I have an ECS managed EC2 instance running in a VPC (in one of the private subnets). When trying to run a task on this instance it doesn't seem to be able to pull the image. As far as I can make out from the documentation there is no special configuration needed for the ECS agent to pull the image from the repo.
Looking at the Docker logs I repeatedly see the following:
level=error msg="Download failed, retrying: dial tcp 54.231.17.81:443: i/o timeout"

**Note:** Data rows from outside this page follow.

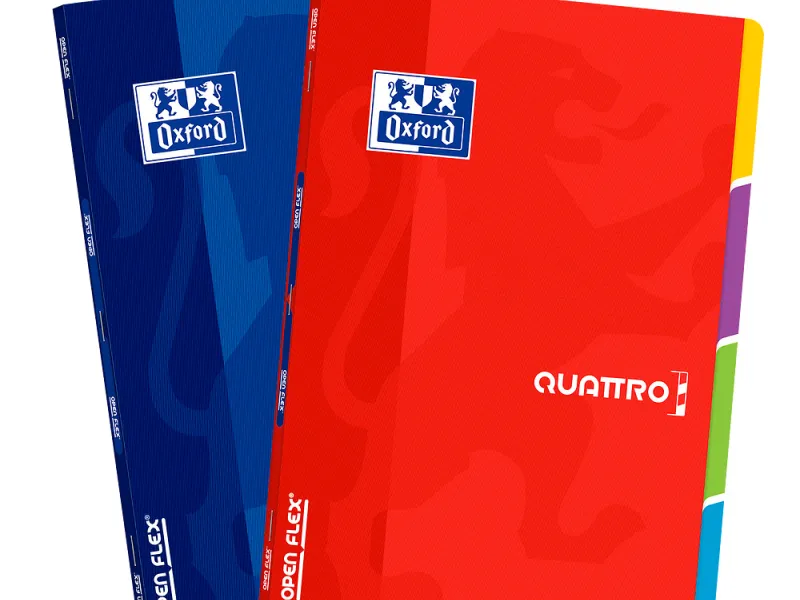 Sveska A4 PP sa 4 registra Oxford Openflex 60 lista, 90g Oxford karo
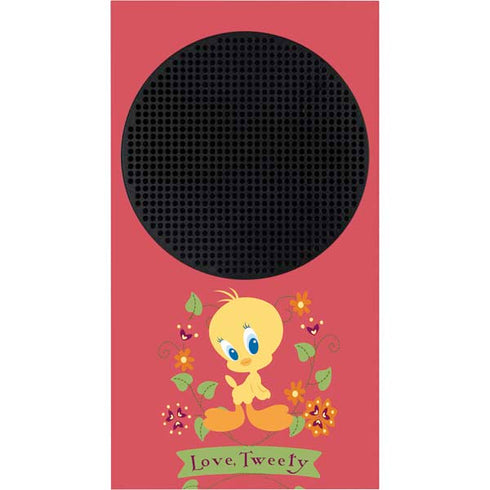 Looney Tunes Tweety Embroidered Xbox Series S Console Skin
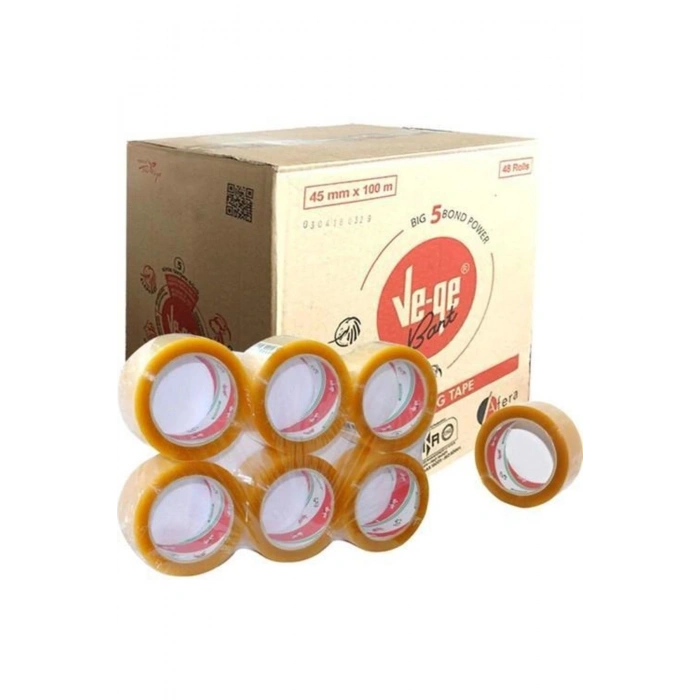 Vege Bant Ve-ge Koli Bantı Fil Şeffaf 45 X 100 Mt 48 Adet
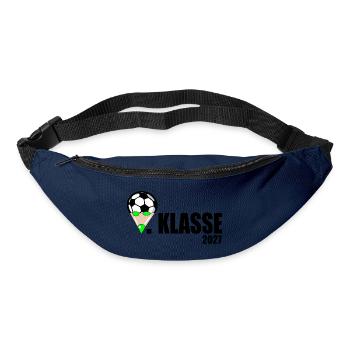 Schulkind 1. Klasse Fußball - Gürteltasche - Navy - Vorne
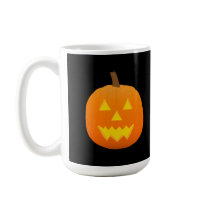 Halloween: Jack-O-Lantern: Pumpkin: Coffee Mug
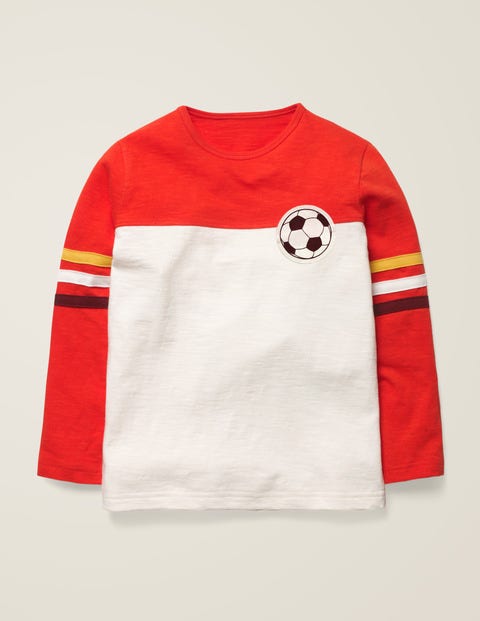 T-Shirt De Football - Ballon de foot rouge fusée/ivoire T-Shirt De Football - Ballon de foot rouge fusée/ivoire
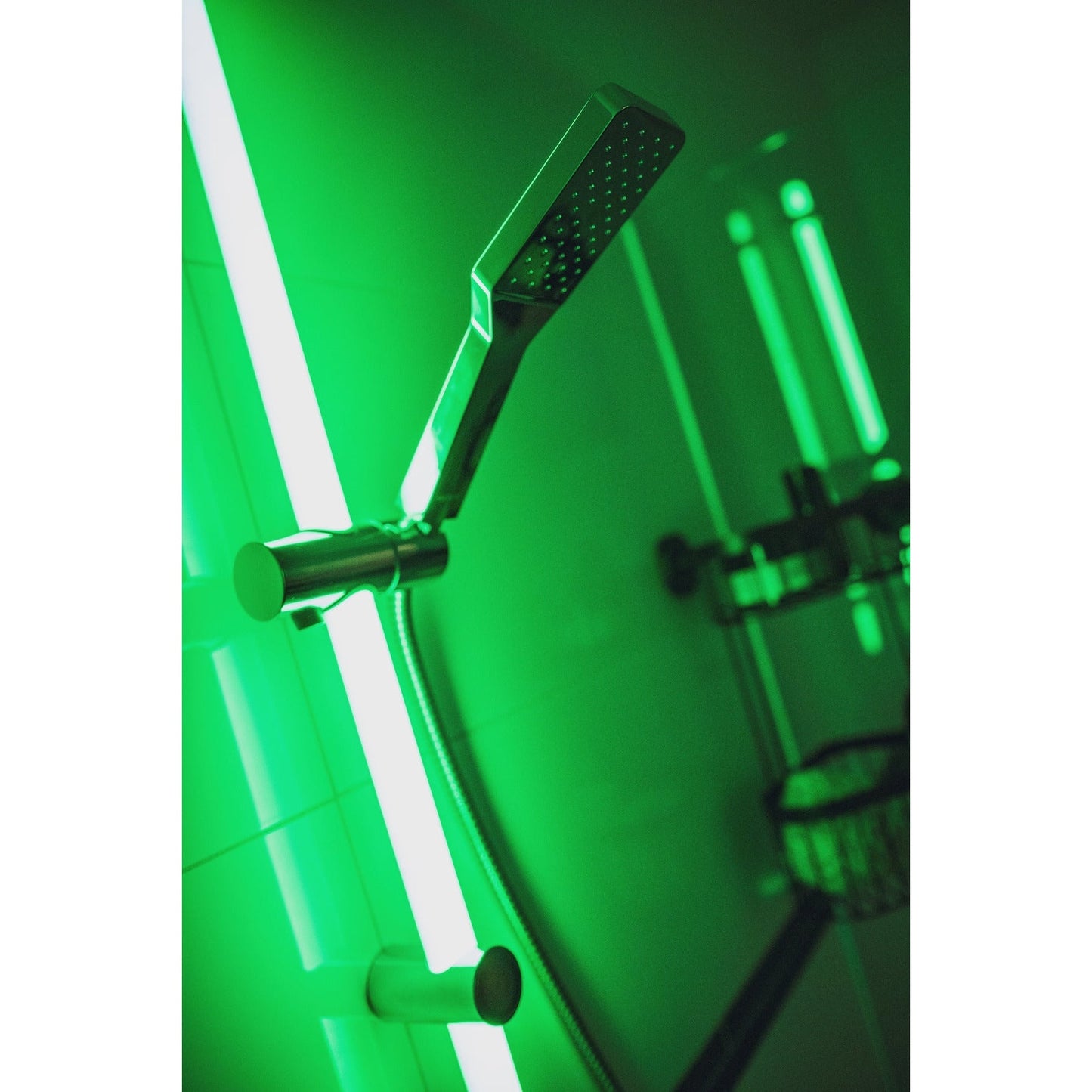 LED SHOWER RAIL 94CM RGB+ WARM - WHITE SET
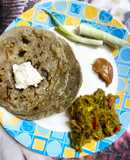 Bajra Roti with Ringda odo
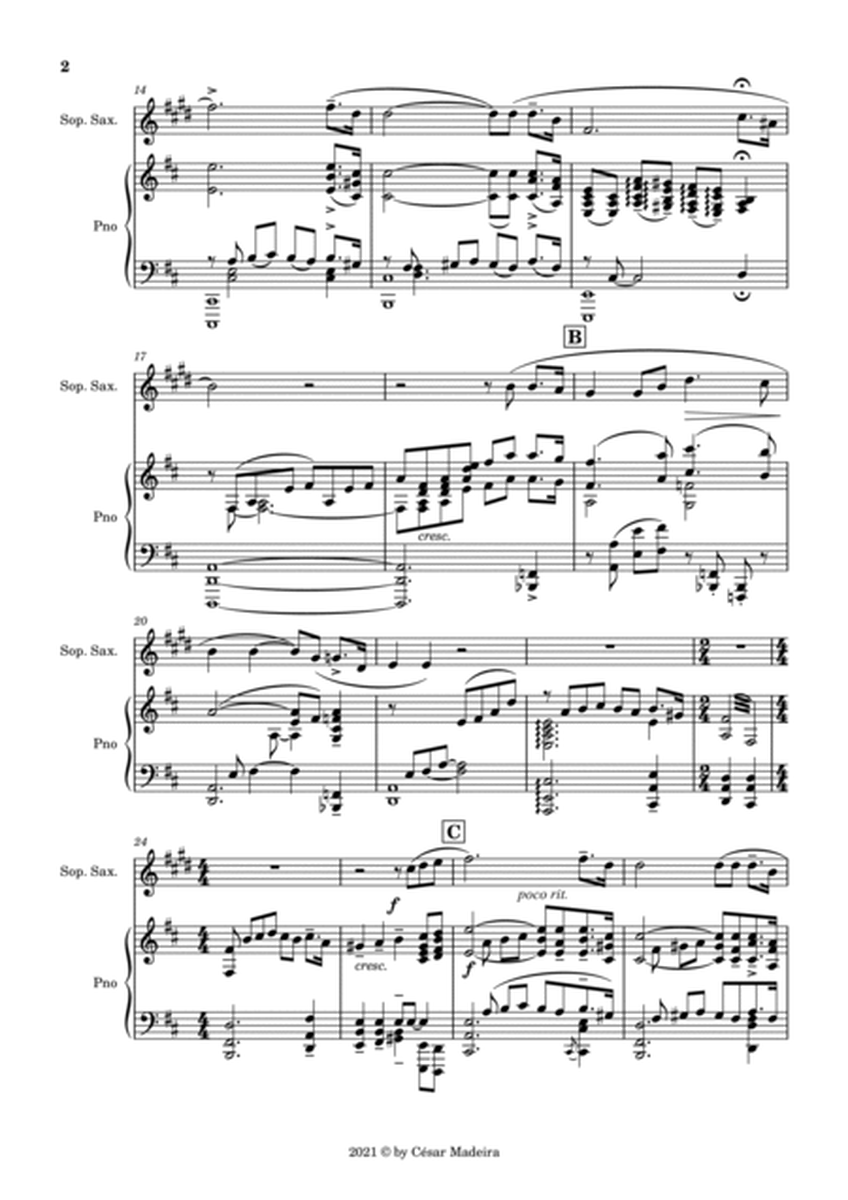 Nessun Dorma by Puccini - Soprano Sax and Piano (Full Score and Parts) image number null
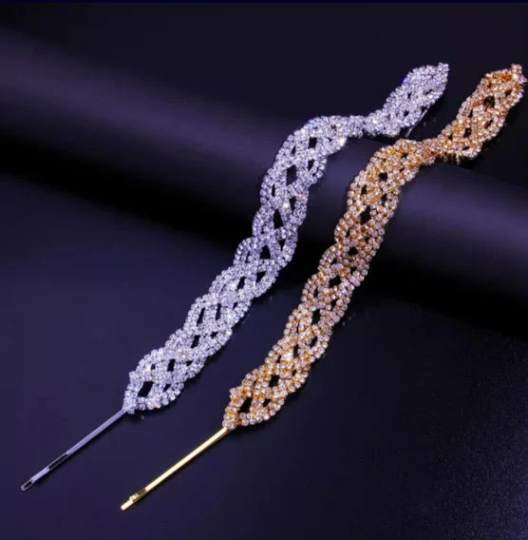 Free Shipping For Luxury Rhinestone Fashion Hair Braid, Hairpin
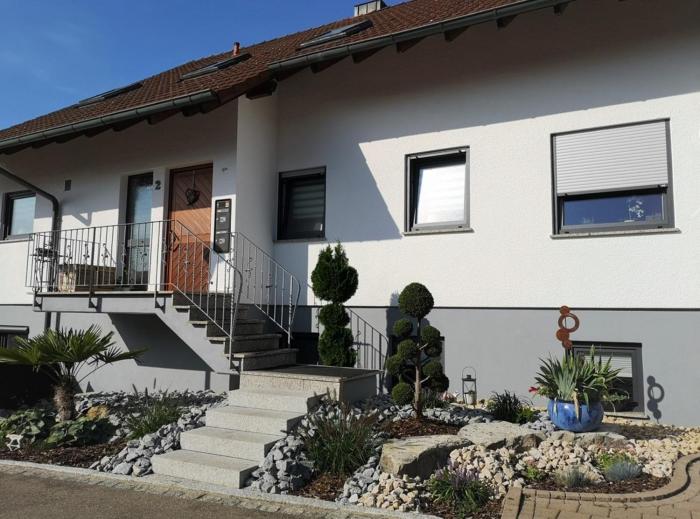 Ferienhaus Baier im Sourterrain mit Terrasse und Speckstein Ofen für gemütliche Stunden am Kamin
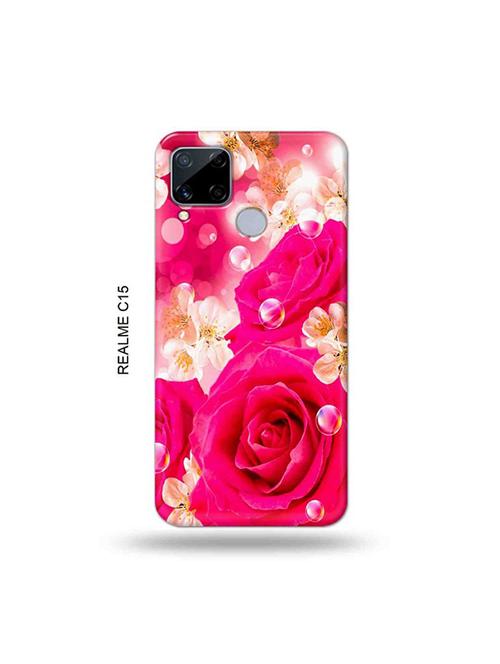 flowers back cover compatible with realme c15 - 19065662 - Very Small Image - 1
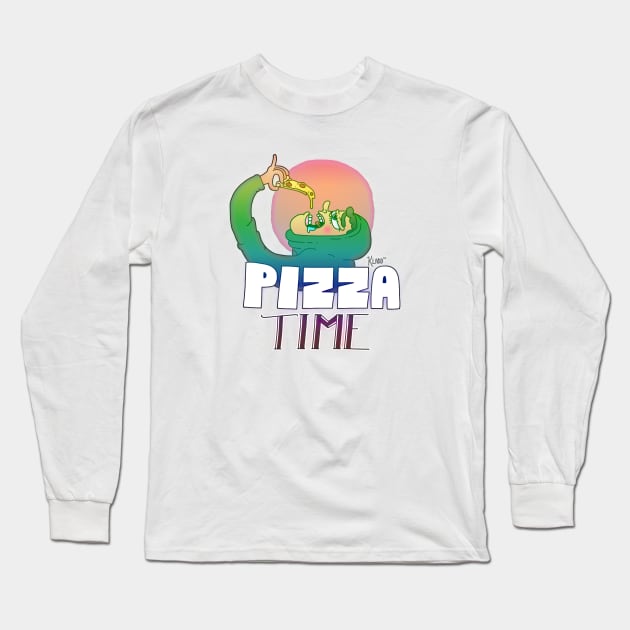 KLADD .pizza time Long Sleeve T-Shirt by Noxlof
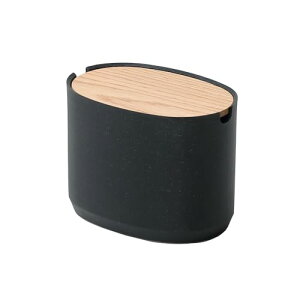 ideaco (CfAR)   Wt [ 18*s12*13.5cm Oval Box S High stone sand black/I[o{bNX STCY  Xg[ThubN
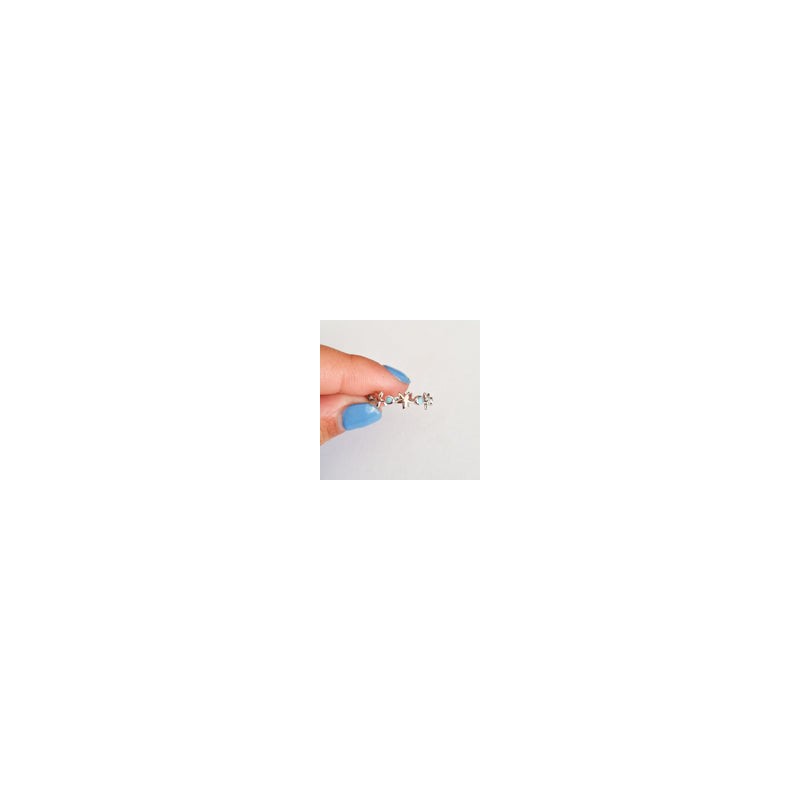 Anillo Círculos Azul Cielo y Estrellas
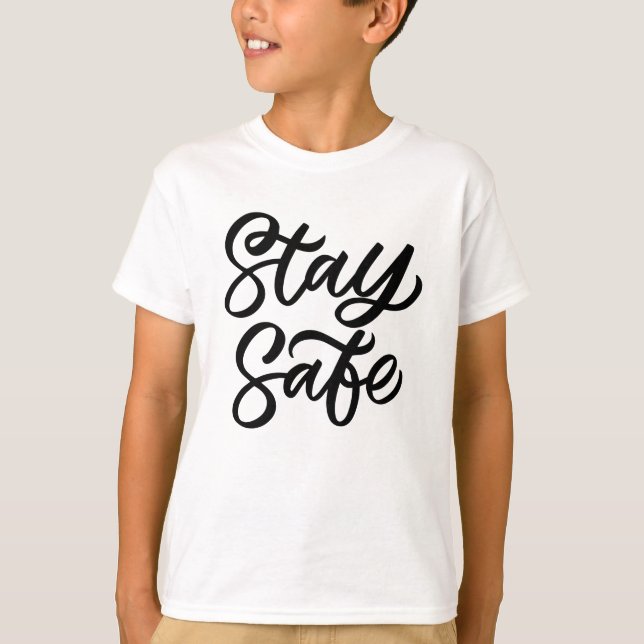 Camiseta E Fique Seguro (Frente)
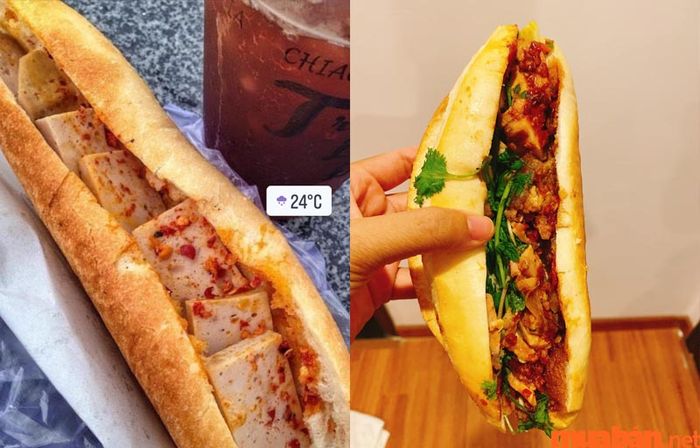 Bánh mì ông Tý nổi bật với những ổ bánh mì giòn rụm, cùng với chả thơm ngon, tạo nên một món ăn đêm hấp dẫn và đầy đủ hương vị.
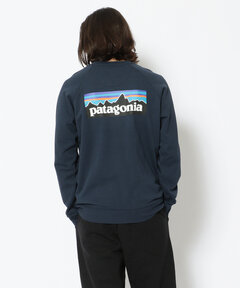 PATAGONIA/パタゴニア Ms P-6 Logo Organic Crew Sweatshirts P-6 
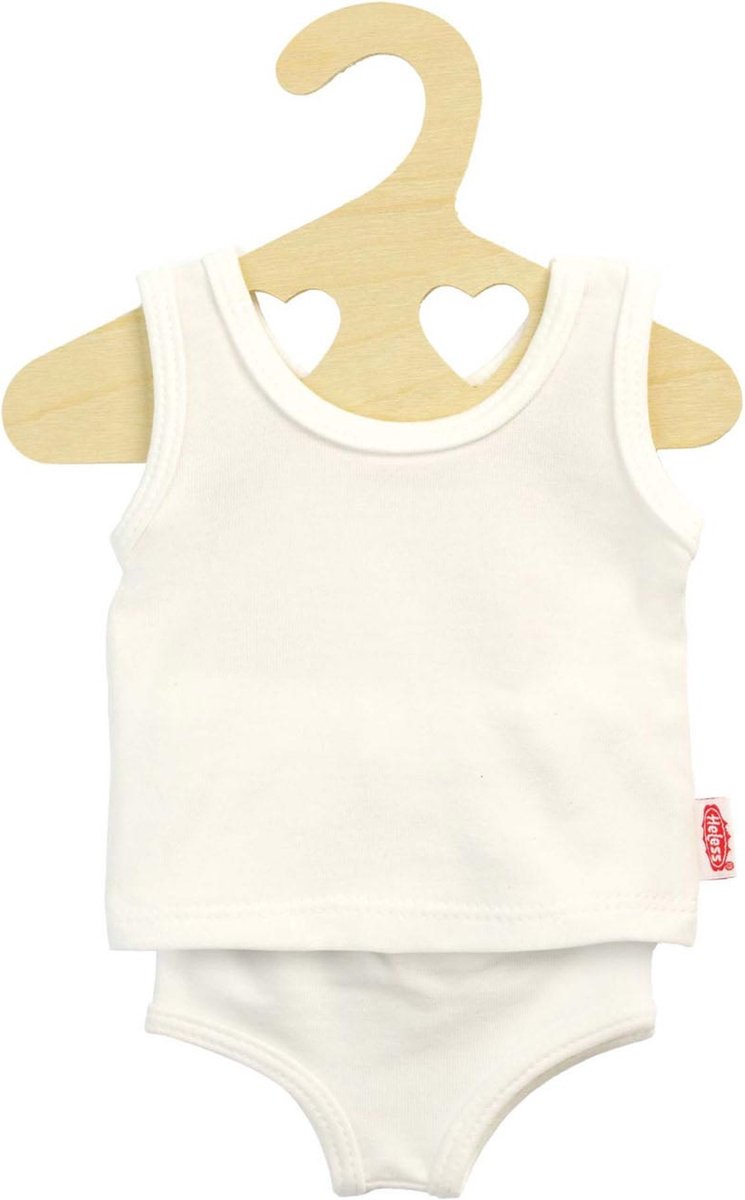 Sous-vêtements et chemise de poupée Heless blanc, 28-35 cm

The ecs-agent logs repeatedly show me that the image is not downloading:
Pulling image module="TaskEngine" image="REDACTED.dkr.ecr.us-east-1.amazonaws.com/REDACTED:latest" status="Retrying in 19 seconds"
It eventually tries to run image, but obviously fails and exits. Giving me the message below in the Cluster Tasks tab:
STOPPED (Essential container in task exited)
This error has been occurring with both amzn-ami-2016.03.e and amzn-ami-2016.03.d AMIs
Is there any specific configuration or networking rules that I need to apply to be able to pull from ECR?
Any help here would be greatly appreciated.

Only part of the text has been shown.